"How is your mother doing?"
Fine, thank you for asking. And how is your cancer? The cold sore on your lip? The guy you're cheating on your husband with? The twenty pounds you've gained since the last time I saw you?
When asked about my mother the response is the same: her condition is worsening but her spirits are high. We're taking it one day at a time. We're thankful for what she can still do.
When asking my mother her response is the same: I'm doing fine today honey. Then she changes the subject. For decades I longed for some admission of struggle, some insight into pain. I needed to know what she was going through, I deserved to know the intimate details of her life with M.S. I was her daughter after all. That she refused to talk about it with me seemed selfish and rude.
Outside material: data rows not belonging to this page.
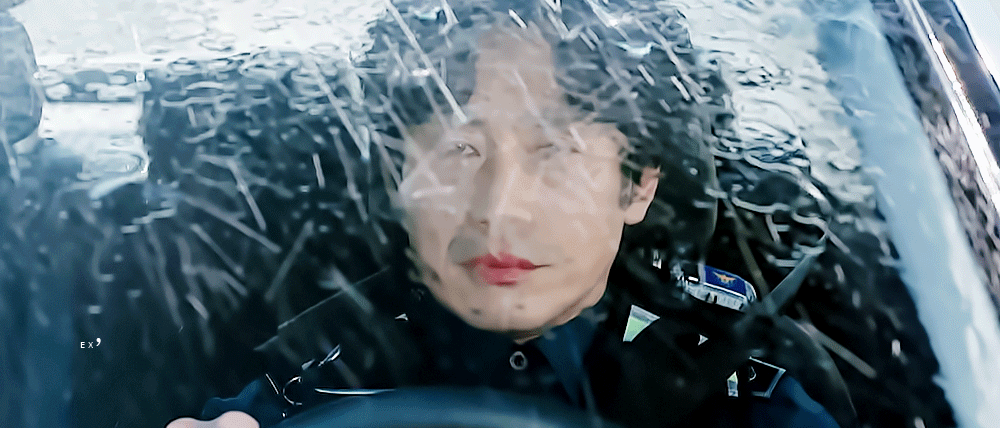 %25EB%258B%25A4%25EC%259A%25B4%25EB%25A1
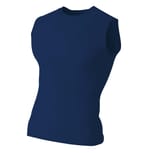 NAVY 2011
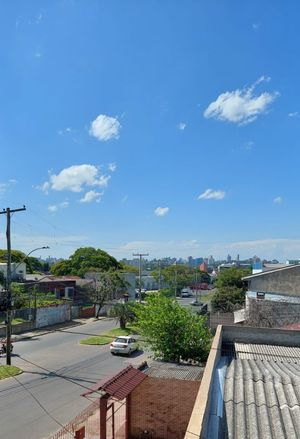 Image 8 - 215785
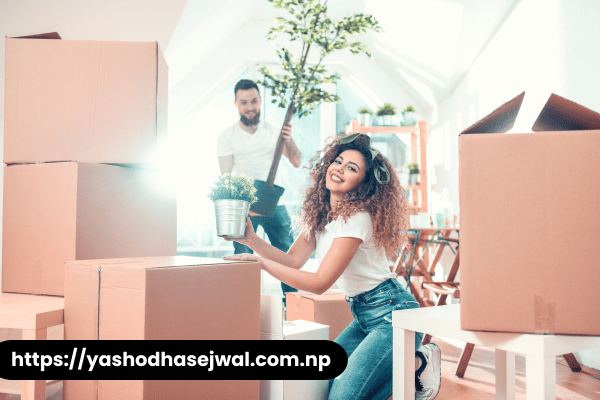 5 Things to Do Before Moving Out of State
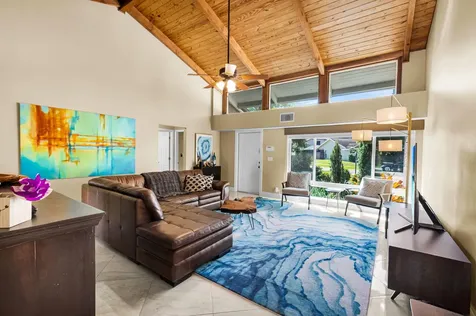 21521 Hollandaire Drive Boca Raton FL 33433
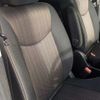 nissan serena 2015 -NISSAN--Serena DAA-HFC26--HFC26-282434---NISSAN--Serena DAA-HFC26--HFC26-282434- image 28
Only it wasn't. Her refusal to speak was a survival mechanism. She would rather spend what limited energy she had left discussing things she enjoyed. Why couldn't I just allow her that? And wasn’t that how I addressed anyone who asked me the same thing?
In later years, I learned to not ask how she's doing. I asked instead what she was doing, and what I could do to help. And when people asked after my mother I told them to visit. Go see her, I said to them. She'd love to see you, you know?
It is up to you who you wish to share your struggles with and who you don't. Don't get me wrong, when things are especially rough you should talk to someone. It is not healthy to keep everything buttoned up. But you are in no way obligated to talk to everyone. People differ greatly in how they deal with pain and trauma, grief and loss. Stay close to those you trust, and forget everyone else. It is not their right to know, nor yours to tell them.